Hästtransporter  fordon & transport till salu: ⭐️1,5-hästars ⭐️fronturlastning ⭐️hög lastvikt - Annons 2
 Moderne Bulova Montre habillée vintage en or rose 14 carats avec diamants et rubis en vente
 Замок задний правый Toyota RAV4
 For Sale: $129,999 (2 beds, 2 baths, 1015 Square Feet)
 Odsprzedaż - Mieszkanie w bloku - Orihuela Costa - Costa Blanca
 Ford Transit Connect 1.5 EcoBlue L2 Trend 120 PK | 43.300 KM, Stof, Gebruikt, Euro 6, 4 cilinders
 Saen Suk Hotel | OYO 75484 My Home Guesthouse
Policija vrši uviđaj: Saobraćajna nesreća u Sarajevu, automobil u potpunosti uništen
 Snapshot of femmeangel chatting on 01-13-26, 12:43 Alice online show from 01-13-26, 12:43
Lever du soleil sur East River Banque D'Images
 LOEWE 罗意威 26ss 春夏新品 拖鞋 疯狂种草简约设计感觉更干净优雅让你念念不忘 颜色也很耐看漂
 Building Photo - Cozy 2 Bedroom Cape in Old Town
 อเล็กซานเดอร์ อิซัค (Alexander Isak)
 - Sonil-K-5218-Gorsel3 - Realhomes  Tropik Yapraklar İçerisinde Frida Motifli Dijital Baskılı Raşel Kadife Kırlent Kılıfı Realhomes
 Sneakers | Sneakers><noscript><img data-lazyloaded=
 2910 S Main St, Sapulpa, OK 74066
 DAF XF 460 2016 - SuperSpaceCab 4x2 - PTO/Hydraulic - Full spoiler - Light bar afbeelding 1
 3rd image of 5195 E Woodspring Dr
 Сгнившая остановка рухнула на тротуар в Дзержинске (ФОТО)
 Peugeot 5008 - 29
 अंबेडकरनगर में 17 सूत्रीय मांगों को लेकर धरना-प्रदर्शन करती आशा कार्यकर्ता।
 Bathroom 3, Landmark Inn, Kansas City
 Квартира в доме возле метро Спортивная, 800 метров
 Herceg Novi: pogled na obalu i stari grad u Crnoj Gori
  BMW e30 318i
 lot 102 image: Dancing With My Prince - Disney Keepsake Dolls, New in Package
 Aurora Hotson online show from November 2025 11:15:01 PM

* * *

Work task: Restate the data word for word. Begin at its first line, end at the line that contains "อเล็กซานเดอร์ อิซัค (Alexander Isak)", and include both.

Result:
Hästtransporter  fordon & transport till salu: ⭐️1,5-hästars ⭐️fronturlastning ⭐️hög lastvikt - Annons 2
 Moderne Bulova Montre habillée vintage en or rose 14 carats avec diamants et rubis en vente
 Замок задний правый Toyota RAV4
 For Sale: $129,999 (2 beds, 2 baths, 1015 Square Feet)
 Odsprzedaż - Mieszkanie w bloku - Orihuela Costa - Costa Blanca
 Ford Transit Connect 1.5 EcoBlue L2 Trend 120 PK | 43.300 KM, Stof, Gebruikt, Euro 6, 4 cilinders
 Saen Suk Hotel | OYO 75484 My Home Guesthouse
Policija vrši uviđaj: Saobraćajna nesreća u Sarajevu, automobil u potpunosti uništen
 Snapshot of femmeangel chatting on 01-13-26, 12:43 Alice online show from 01-13-26, 12:43
Lever du soleil sur East River Banque D'Images
 LOEWE 罗意威 26ss 春夏新品 拖鞋 疯狂种草简约设计感觉更干净优雅让你念念不忘 颜色也很耐看漂
 Building Photo - Cozy 2 Bedroom Cape in Old Town
 อเล็กซานเดอร์ อิซัค (Alexander Isak)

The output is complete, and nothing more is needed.